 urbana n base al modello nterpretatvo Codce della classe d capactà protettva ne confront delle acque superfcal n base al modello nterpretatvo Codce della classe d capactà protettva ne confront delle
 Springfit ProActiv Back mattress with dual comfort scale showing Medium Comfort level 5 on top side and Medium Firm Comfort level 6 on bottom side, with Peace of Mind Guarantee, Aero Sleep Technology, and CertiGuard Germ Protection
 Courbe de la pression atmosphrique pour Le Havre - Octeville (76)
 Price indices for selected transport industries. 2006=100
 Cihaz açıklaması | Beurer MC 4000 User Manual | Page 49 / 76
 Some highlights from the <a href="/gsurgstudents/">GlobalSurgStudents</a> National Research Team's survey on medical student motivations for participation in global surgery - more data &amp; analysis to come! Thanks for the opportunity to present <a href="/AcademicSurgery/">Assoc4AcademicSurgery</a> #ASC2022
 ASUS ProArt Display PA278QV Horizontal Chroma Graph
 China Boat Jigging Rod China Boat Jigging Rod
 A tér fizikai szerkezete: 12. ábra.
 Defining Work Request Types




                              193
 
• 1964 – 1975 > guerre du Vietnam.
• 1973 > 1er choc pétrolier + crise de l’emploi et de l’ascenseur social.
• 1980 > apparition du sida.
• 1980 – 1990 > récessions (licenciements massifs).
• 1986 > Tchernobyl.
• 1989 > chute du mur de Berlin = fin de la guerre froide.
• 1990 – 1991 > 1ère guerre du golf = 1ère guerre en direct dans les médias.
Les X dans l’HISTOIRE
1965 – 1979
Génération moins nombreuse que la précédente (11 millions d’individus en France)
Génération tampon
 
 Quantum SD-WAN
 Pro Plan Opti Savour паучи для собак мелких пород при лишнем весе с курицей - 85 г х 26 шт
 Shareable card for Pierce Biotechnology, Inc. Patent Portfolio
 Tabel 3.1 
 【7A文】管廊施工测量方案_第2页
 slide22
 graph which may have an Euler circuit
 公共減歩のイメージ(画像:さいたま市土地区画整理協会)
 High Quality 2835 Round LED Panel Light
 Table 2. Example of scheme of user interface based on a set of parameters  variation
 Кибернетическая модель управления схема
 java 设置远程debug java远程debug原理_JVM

PROBLEM:
Your answer should be one number: the count of lines in the data above that include the word "Génération".

ANSWER BELOW:
2